# Data outage or 901 issue?



## LDubs (Nov 8, 2011)

I can't get a 4g signal, only 3g. Im on rooted 901 with kin3tx 901 hack.

Sent from my Kin3txed Bionic with Hon3y


----------



## thetingster (Nov 14, 2011)

I am rooted with 901 Zero problems. In Utah.


----------



## Zog (Aug 19, 2011)

4gs fine in minneapolis area. Perhaps its the 893 system of kinetx not agreeing with the new radio?

Sent from my DROID BIONIC using Tapatalk


----------



## LDubs (Nov 8, 2011)

I hope not. May drop down to 893 and see If its better.

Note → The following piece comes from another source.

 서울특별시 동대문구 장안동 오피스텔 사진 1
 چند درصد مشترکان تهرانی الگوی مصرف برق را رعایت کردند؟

Sent from my Kin3txed Bionic with Hon3y


----------



## Daybreak (Dec 26, 2011)

signal has been crappy here. going totally gone and coming back for about 5 minutes, then gone. I would suggest if your bionic is where you want it, I would wait at least 24 hours for vz to get there sh*** straight


----------



## LDubs (Nov 8, 2011)

OK I'll hang on a bit. Can't get any 4g signal at all, only 3g. Thought if there was an outage you wouldn't get any signal at all??

Sent from my Kin3txed Bionic with Hon3y


----------



## LDubs (Nov 8, 2011)

OK still bs for signal.

Sent from my Kin3txed Bionic with Hon3y


----------



## smilepak (Aug 11, 2011)

I am on vanilla 901 rooted. I was getting issue with no 4g. I now random on and off. I I think it is the network

Sent from my DROID BIONIC using Tapatalk


----------



## LDubs (Nov 8, 2011)

I pulled sim card and reinstalled it. 4g back now but I think the signal was better on leaked 793...

Sent from my Kin3txed Bionic with Hon3y


----------